The study found that Facebook likes were linked to sexual orientation, gender, age, ethnicity, IQ, religion, politics and cigarette, drug, or alcohol use. The likes also mapped to relationship status, number of Facebook friends, as well as half a dozen different personality traits.
Some likes were more revealing than others. Researchers could correctly distinguish between users who identified themselves as black or white 95 percent of the time. That success rate dropped to a still impressive 88 percent when trying to guess whether a male user was homosexual, and to 85 percent when telling Democrats from Republicans. Identifying drug users was far trickier - researchers got that right only 65 percent of the time, a result scientists generally describe as poor. Predicting whether a user was respectively a child of divorce was even dicier. With a 60 percent success rate, researchers were doing just slightly better than random guesses.
The linkages ranged from the self-evident to the surreal.
Men who liked TV song-and-dance sensation "Glee" were more likely to be gay. Men who liked professional wrestling were more likely to be straight. Drinking game aficionados were generally more outgoing than, say, fans of fantasy novelist Terry Pratchett. People who preferred pop diva Jennifer Lopez usually gathered more Facebook friends than those who favored the heavy metal sound of Iron Maiden.
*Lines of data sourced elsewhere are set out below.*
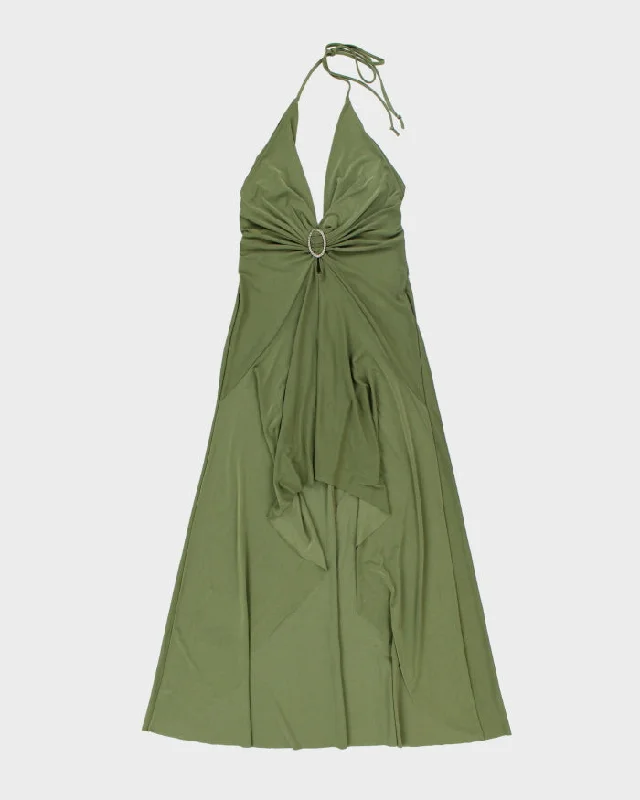 Vintage Y2k 00s Green Halter Neck Dress - M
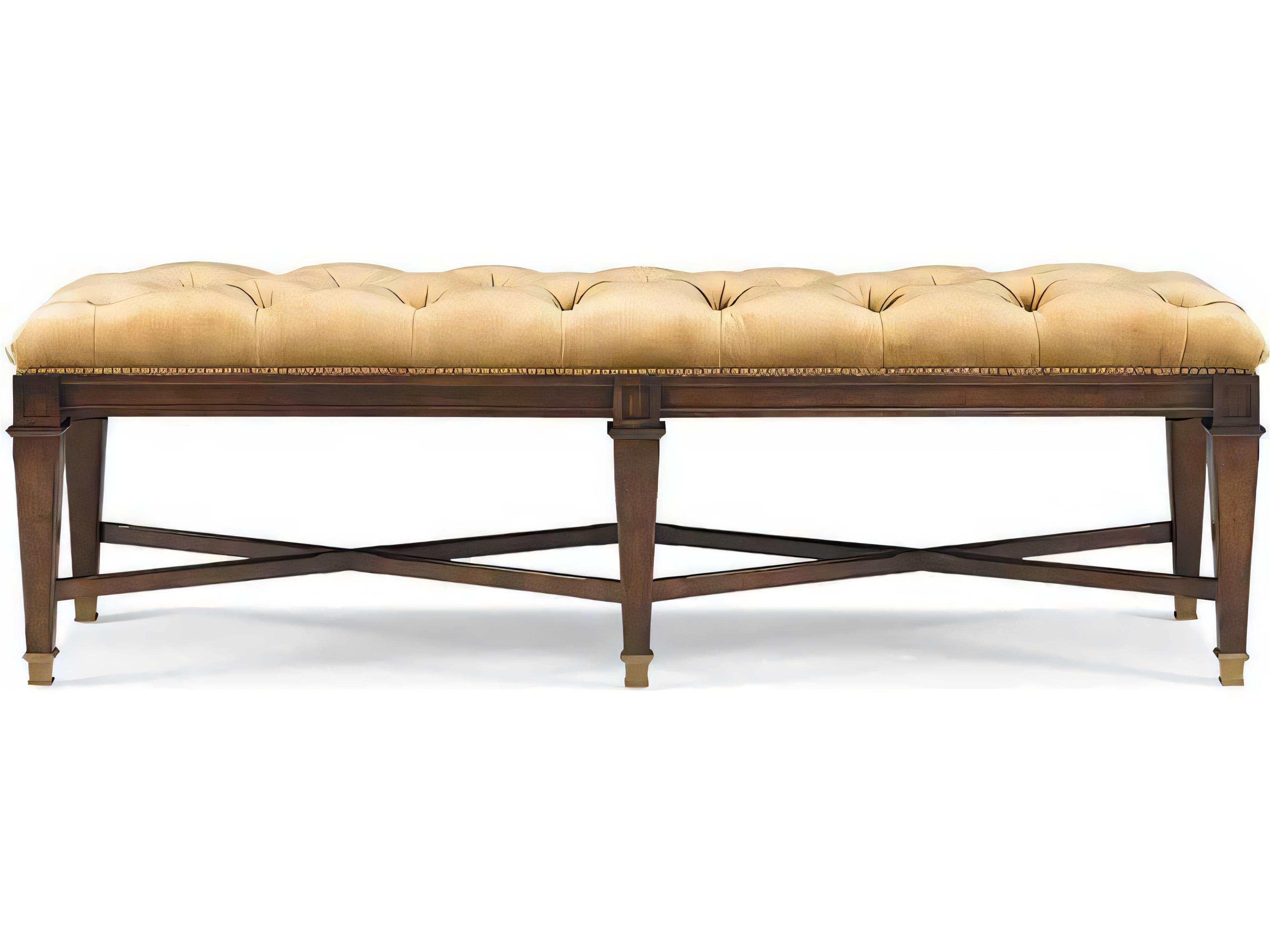 Hickory White Continental Classics Soho Brown Upholstered Accent Bench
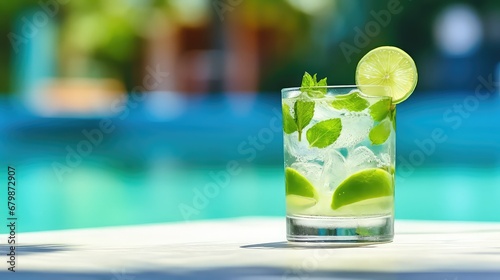 Fresh summer drink with lime and mint, tropical paradise resort background, swimming pool background, bokeh, summer, bright sunlight. Drinking, relaxing,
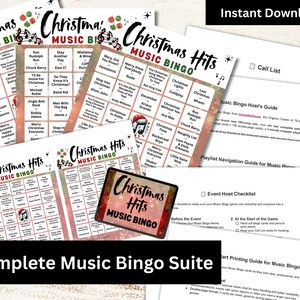 Christmas Hits Music Bingo, 200 Cards, 100 Songs Playlists Included, Printable PDF Game, Instant Download image 2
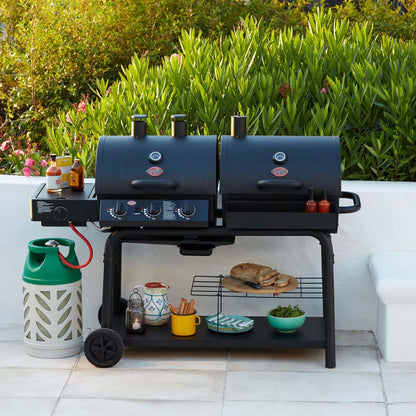 Char-Griller Duo 5050 Gas and Charcoal BBQ Grill with Side Burner - Versatile Outdoor Cooking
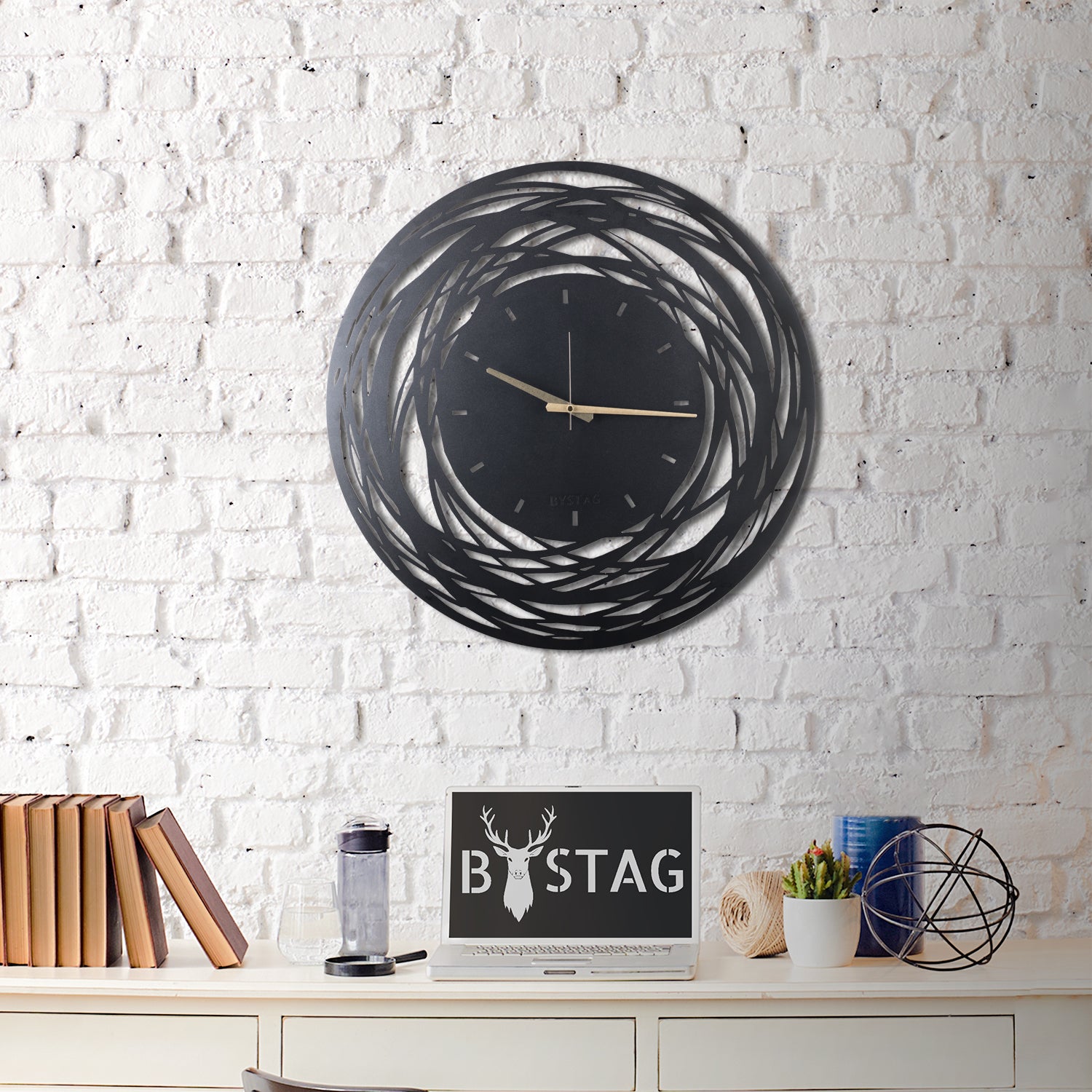 Bystag Metal decorative Wall clock Lines-Bystag Büyük saat - Bystag Metal dekoratif Duvar Saati Çizgiler - Bystag Big Clock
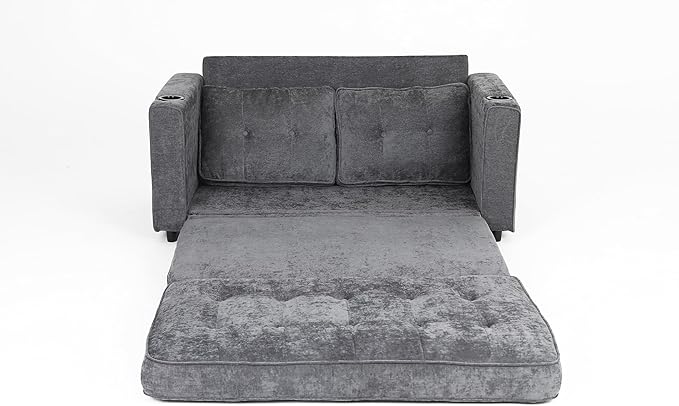 ERYE Foldable Loveseat Sofa Convertible Pull Out Sleeper Sofabed2 Seat Tufted Upholstered Sofa Modern Convertible Sleeper Couch Bed with Cupholders and Side Pockets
Among the more poignant insights was the apparent preoccupation of children of divorce with relationship issues. For example, those who expressed support for statements such as "Never Apologize For What You Feel It's Like Saying Sorry For Being Real" or "I'm The Type Of Girl Who Can Be So Hurt But Still Look At You & Smile" were slightly more likely to have seen their parents split before their 21st birthday.
Some of the patterns were difficult to understand: The link between curly fries and high IQ scores was particularly baffling.